John Hooper in Rome
Thursday October 26, 2006
The "wolves' lair" - ancient Pompeii's biggest, best planned and most richly decorated brothel - yesterday reopened to the public after extensive restoration.
The two-storey building, which was built at about the time Spartacus was leading his slaves' revolt, had been closed for almost a year. Its explicit wall paintings have long been a popular attraction for tourists visiting the site of the classical world's best-preserved city.
The busy port of Pompeii was packed with bordellos. At least 25 have been identified. But most occupied a single room, usually above a wine shop. Though sited, like all the others, at the junction of two side streets, the "Lupanare", was different.
Archaeologists believe it was the ancient city's only purpose-built whorehouse. So-called because, in Latin, lupa (she-wolf) was a common term for a prostitute, it consisted of 10 rooms and a latrine beneath the stairs. Set into the wall of each of the women's rooms was a stone bed covered with a mattress.
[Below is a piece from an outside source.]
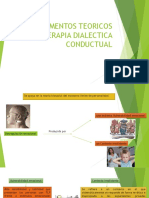 Fundamentos Teoricos de La Terapia Dialectica Conductual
Researchers believe the Lupanare's celebrated wall paintings, each depicting a different position, were intended to advertise the various specialities on offer. The more elaborately painted upper floor, which had a separate entrance, is thought to have been reserved for better-off clients. The prostitutes were slaves, usually of Greek or Eastern origin. Their earnings were collected by the owner or manager of the brothel.
The Lupanare is known to have been built just a few years before the city's violent destruction. The plaster in one of the rooms bears the imprint of a coin dating from AD72.